Data excerpts =>
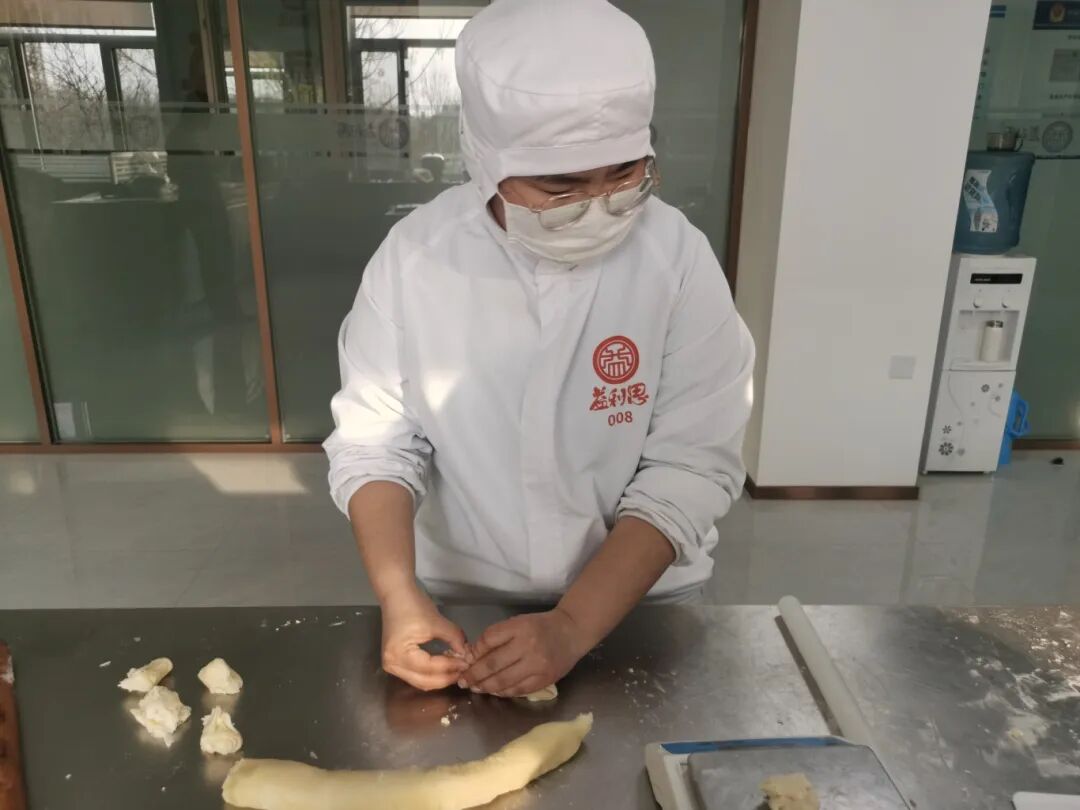 濟南益康為直播團隊開啟實操培訓(xùn)課程當主播站在鏡頭前推介一款糕點時，如果連糕點的面團都沒有觸摸過，如何能講解出有溫度的故事？近日，濟南市益康食品廠有限公司為本單位直播電商團隊量身打造了一場&ldquo;沉浸式&rdquo;糕點實操培訓(xùn)，將課堂搬進產(chǎn)品研發(fā)室，讓主播們脫下麥克風(fēng)，從面團揉制、包餡、烤制，全過程體驗經(jīng)典中式糕點的誕生過程。益康益利思實操培訓(xùn)糕點制作實操培訓(xùn) 培訓(xùn)伊始，主播們面對操作臺還有些生疏，在產(chǎn)品研發(fā)主任手把手的指導(dǎo)下，大家很快找到了感覺，反復(fù)練習(xí)包酥、包餡手法，體會每一款產(chǎn)品背后的功夫。益康益利思實操培訓(xùn)益康益利思實操培訓(xùn)益康益利思實操培訓(xùn)益康益利思實操培訓(xùn)益康益利思實操培訓(xùn)益康益利思實操培訓(xùn)益康益利思實操培訓(xùn)益康益利思實操培訓(xùn)益康益利思實操培訓(xùn)益康益利思實操培訓(xùn)益康益利思實操培訓(xùn)益康益利思實操培訓(xùn)益康益利思實操培訓(xùn)益康益利思實操培訓(xùn)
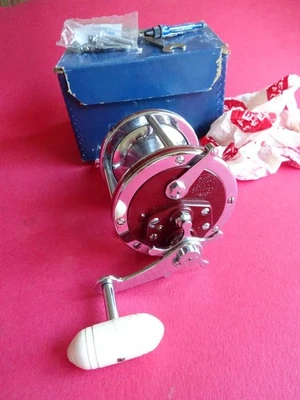 CARRETE MULTIPLICADOR 3/0 SENATOR ESPECIAL PENN 112H VINTAGE SUPER CAJA SIN USAR Foto 1 de 4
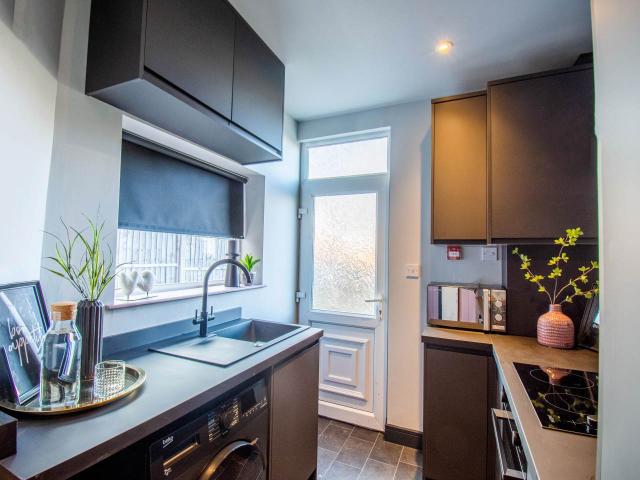 Room for rent in Whitkirk, Austhorpe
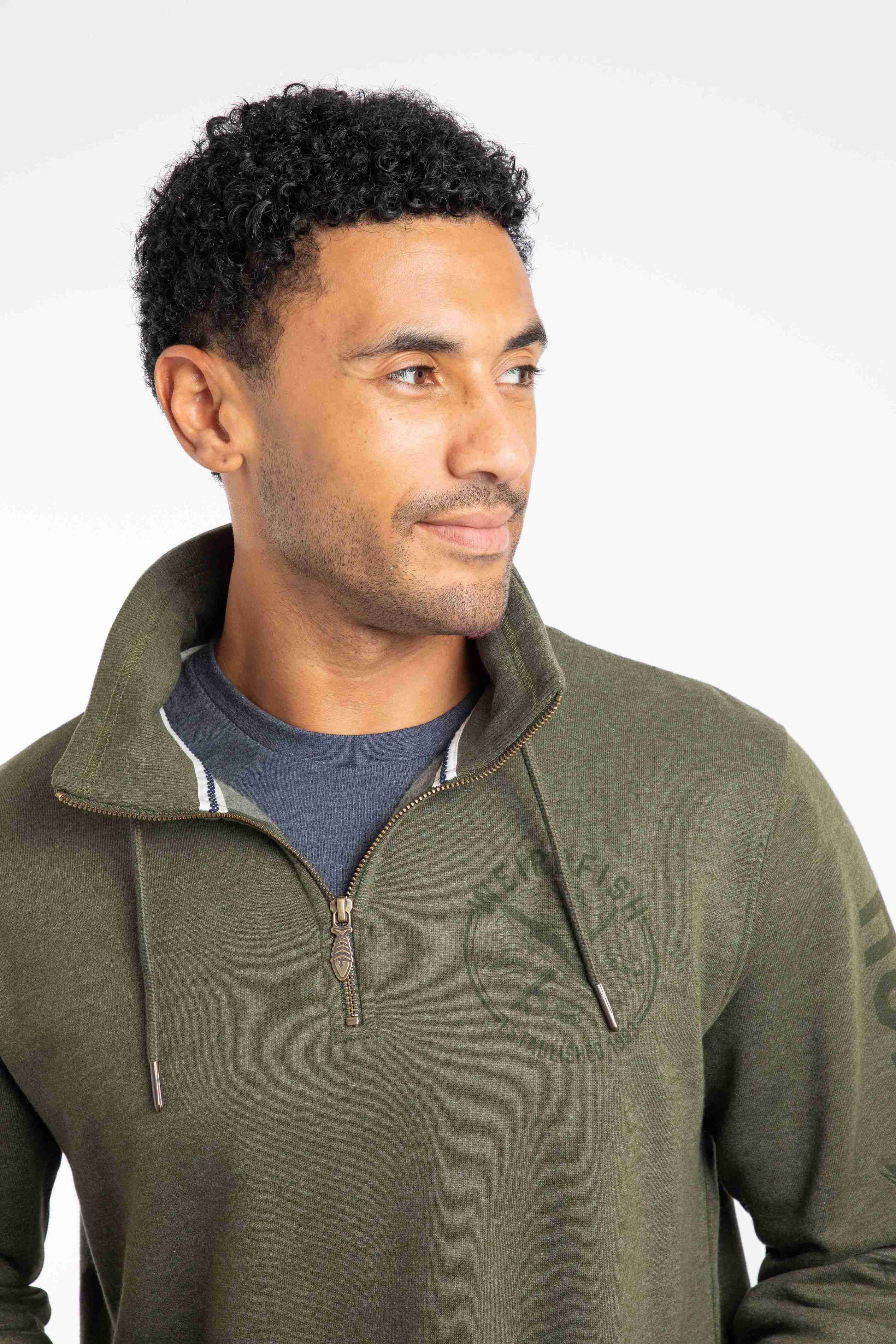 Oakville Graphic 1/4 Zip Sweatshirt Deep Lichen Green
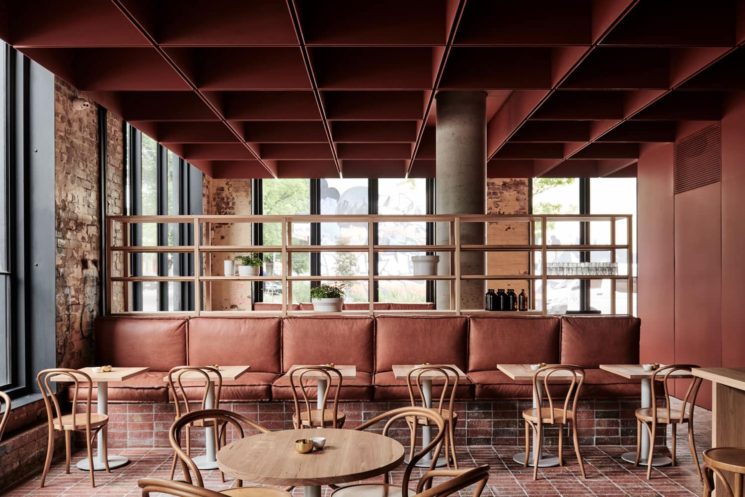 Terracotta mania, le rouge brique est partout || Bentwood Cafe à Fitzroy, Melbourne - Conception : Ritz & Ghougassian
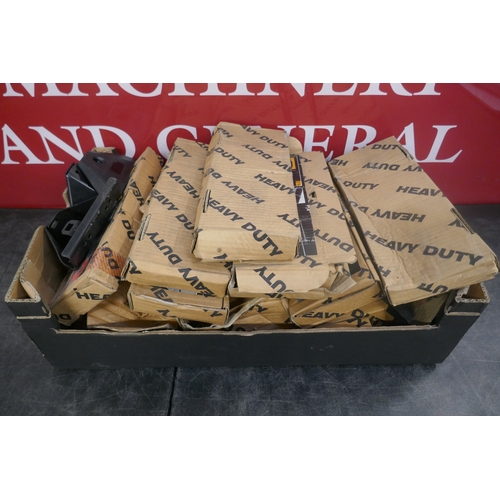 5074 - A box of halfords commercial vehicle roof bar pipe clamps, non rail roof bar foot packs etc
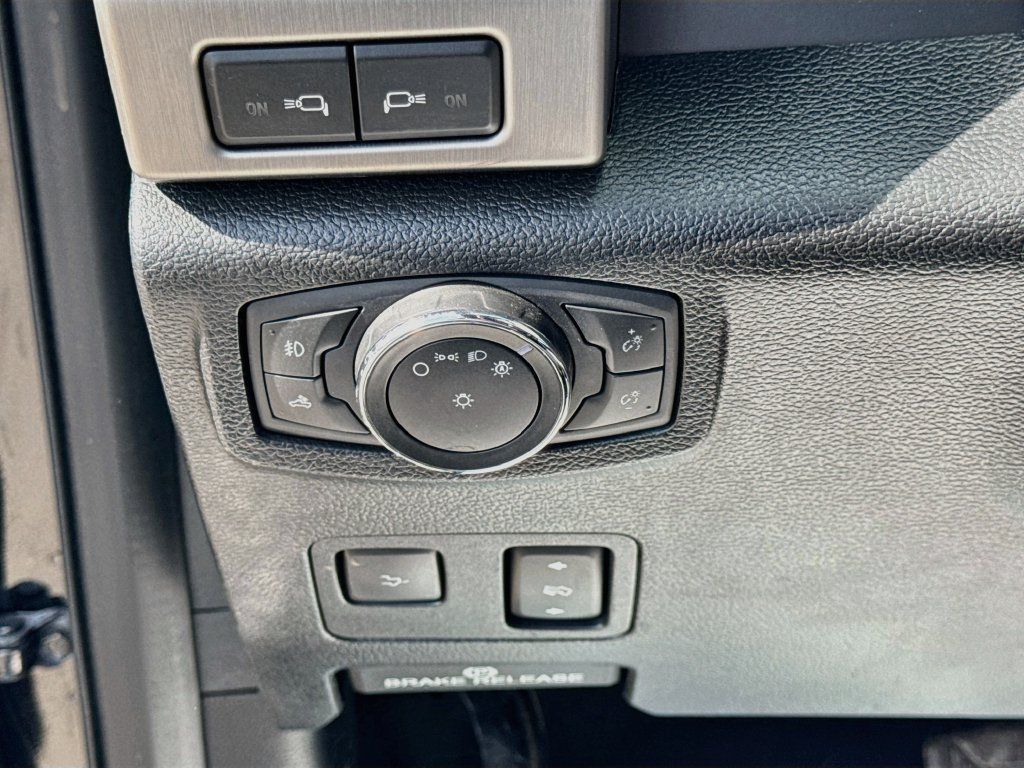 Used 2021 Ford F250 Platinum w/ FX4 Off-Road Package AWD/4WD image 10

ASSIGNMENT =>
Please transcribe all of the entries word for word, with the pictures left out.

RESPONSE FOR THIS EXERCISE =>
 濟南益康為直播團隊開啟實操培訓(xùn)課程當主播站在鏡頭前推介一款糕點時，如果連糕點的面團都沒有觸摸過，如何能講解出有溫度的故事？近日，濟南市益康食品廠有限公司為本單位直播電商團隊量身打造了一場&ldquo;沉浸式&rdquo;糕點實操培訓(xùn)，將課堂搬進產(chǎn)品研發(fā)室，讓主播們脫下麥克風(fēng)，從面團揉制、包餡、烤制，全過程體驗經(jīng)典中式糕點的誕生過程。益康益利思實操培訓(xùn)糕點制作實操培訓(xùn) 培訓(xùn)伊始，主播們面對操作臺還有些生疏，在產(chǎn)品研發(fā)主任手把手的指導(dǎo)下，大家很快找到了感覺，反復(fù)練習(xí)包酥、包餡手法，體會每一款產(chǎn)品背后的功夫。益康益利思實操培訓(xùn)益康益利思實操培訓(xùn)益康益利思實操培訓(xùn)益康益利思實操培訓(xùn)益康益利思實操培訓(xùn)益康益利思實操培訓(xùn)益康益利思實操培訓(xùn)益康益利思實操培訓(xùn)益康益利思實操培訓(xùn)益康益利思實操培訓(xùn)益康益利思實操培訓(xùn)益康益利思實操培訓(xùn)益康益利思實操培訓(xùn)益康益利思實操培訓(xùn)
 CARRETE MULTIPLICADOR 3/0 SENATOR ESPECIAL PENN 112H VINTAGE SUPER CAJA SIN USAR Foto 1 de 4
 Room for rent in Whitkirk, Austhorpe
 Oakville Graphic 1/4 Zip Sweatshirt Deep Lichen Green
 Terracotta mania, le rouge brique est partout || Bentwood Cafe à Fitzroy, Melbourne - Conception : Ritz & Ghougassian
 5074 - A box of halfords commercial vehicle roof bar pipe clamps, non rail roof bar foot packs etc
 Used 2021 Ford F250 Platinum w/ FX4 Off-Road Package AWD/4WD image 10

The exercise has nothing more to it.